悩みのヒント 実家とのつきあい


 実家とのつきあい方が夫婦の問題になってしまうことがあります。相手が自分の実家ばかりを大切にする、自分の実家や自分達の家庭をもっと大切にしてほしいというような不満です。反対に、自分が親孝行をしたいのに相手が反対する・協力してくれないと不満をもつ人もいます。具体的には、実家への訪問・仕送り・贈り物などに対する不満です。

 「親孝行はいいこと、でもそれにも限度がある」ということなのだと思います。
 親孝行はいいことです。親子仲がいいのも微笑ましいことです。それを自分のわがままや嫉妬心から反対するのはどうかと思います。まずその点を一度反省してみたほうがいいと思います。もしかしたら、自分の度量が少し小さいのかもしれません。
 でも、親孝行にも限度があります。自分達の家庭をないがしろにするようでは問題です。親子仲がいいと言ってもマザコンや共依存のような親離れ・子離れができていない関係を夫婦である相手が望まないのも当然です。それらを改めてほしいと思う気もちはよくわかります。

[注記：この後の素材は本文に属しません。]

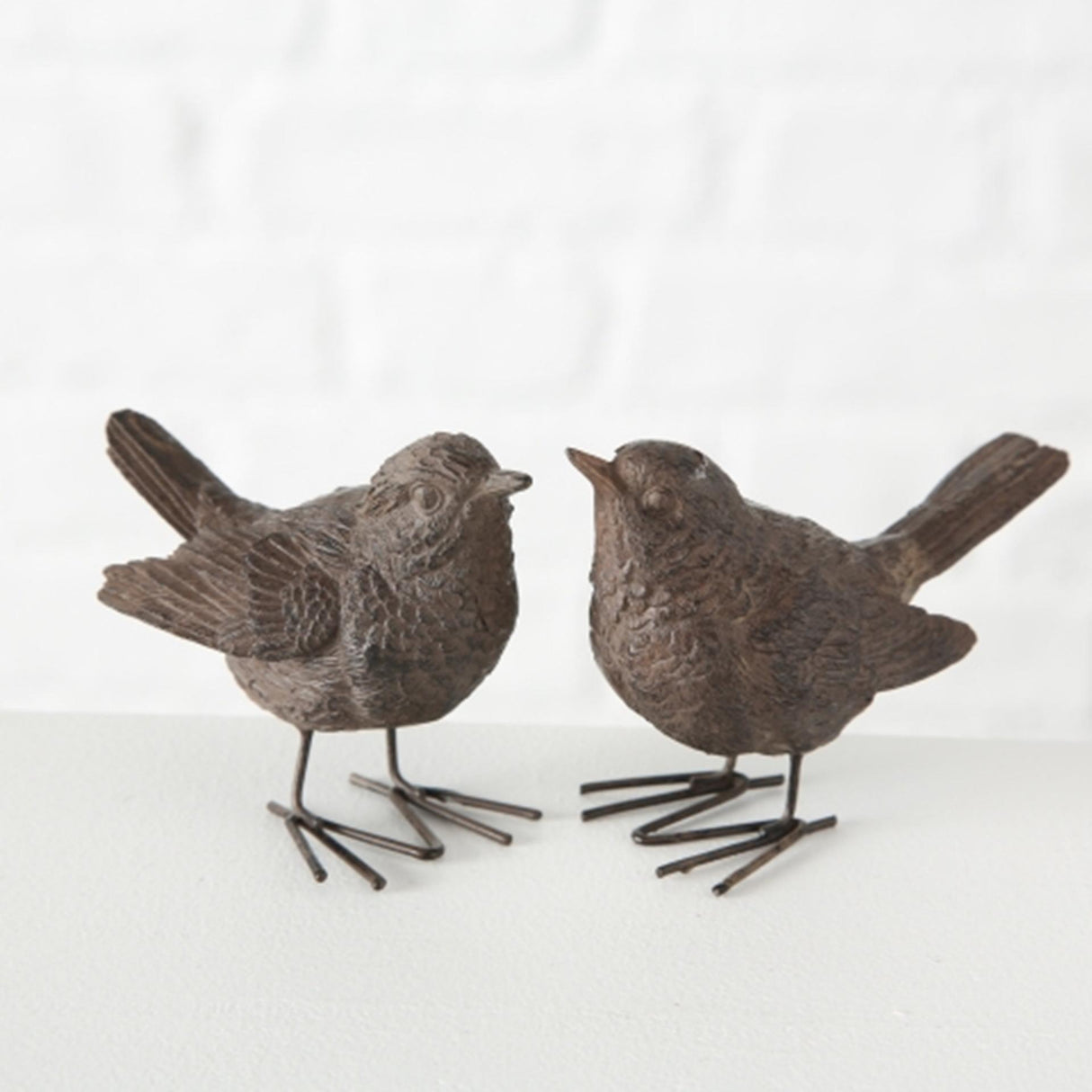 Figura Boltze home pájaro spatz h6cm poliresina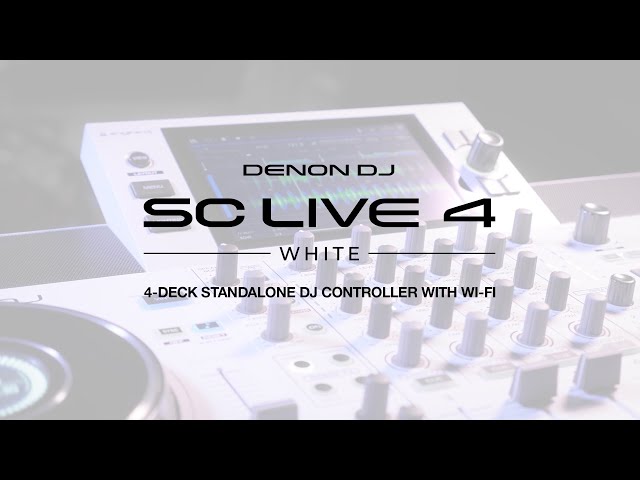 Denon DJ SC LIVE 4 Controlador DJ Autónomo Blanca video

 とりあえずは、「こうしてほしい」とうまくお願いしてみることだと思います。
 お願いを続けても相手が応じてくれない場合には、よく話し合う必要があるでしょう。自分達の家庭・家族の大切さを再認識してもらえれば、少しは変わるのではないでしょうか。

 と言っても、相手が変わることは少ないのではないでしょうか。親子の関係は長い年月をかけてつくられています。
 もっとも、結婚したら親のことはほったらかしで、結婚相手や自分の家庭中心になる人も今は多いと思いますが。そういう相手ならこの問題のような悩みはなくてすむわけです。寂しい思いをするのは親のほうなのでしょう。

 相手がなかなか変わらない場合には、どうしたらいいでしょうか?
 相手の考え・行動が変わらないことには、自分の考え方を変えて不満を軽くできたら、と思います。1つには、「親孝行はいいこと」とやさしい気もちで相手を見ることができたらいいのですが。もう1つは、相手の「ここはしかたがない(いい所もいっぱいある)」と半分あきらめることです。ある程度は目をつぶり、文句は言わずに温かく接していい関係を保つことも大事です。
 自分の行動は自分で決めていいと思います。すべてを相手に合わせて相手の実家に尽くしてばかりでは、自分の生活がつらくなり愉しめなくなってしまいます。やれること・やってもいい思うことは喜んでやる(もしくは、「一時の事」と考えてやる)、どうしてもやりたいくないこと・やれない事情がある時にはことわることも必要です。ことわるためには勇気も必要だし、若干の不和も覚悟しなければなりません。ことわり方もうまく工夫したほうがいいでしょう。
 また、相手が自分の実家のことを気にかけてくれないと不満があるのなら、なおさら自分が自分の実家のことを気にかければいいのではないでしょうか。そういう役割分担と考えられれば、不満でイライラしなくてもすむのではないでしょうか。

 この問題は、自分の許容の限度の問題という気もします。
 「相手の親孝行」もしくは「このくらいはしかたがない」と考えて、相手の行動をどこまで許容できるか。「このくらいは喜んでやる」「ちょっと気が重いがこの程度はやったほうがいい」などと、自分の行動をどこまで許容できるか。許容の限度によって、問題になったりならなかったりします。許容度が小さい人にとっては、耐えられずに離婚しか考えられないのかもしれません。
 自分の許容力を高めることはやさしいことではありませんが、そういう努力するというのもこの問題への対処法の1つです。「人はハオハオ、自分もハオハオ」という考え方を身につけることをおすすめしたいと思います。
 許容力を高めた上で、自分のライフスタイルや家族観や人生観に従って、自分なりのパートナーとその家族とのつきあい方を選択できたらと思います。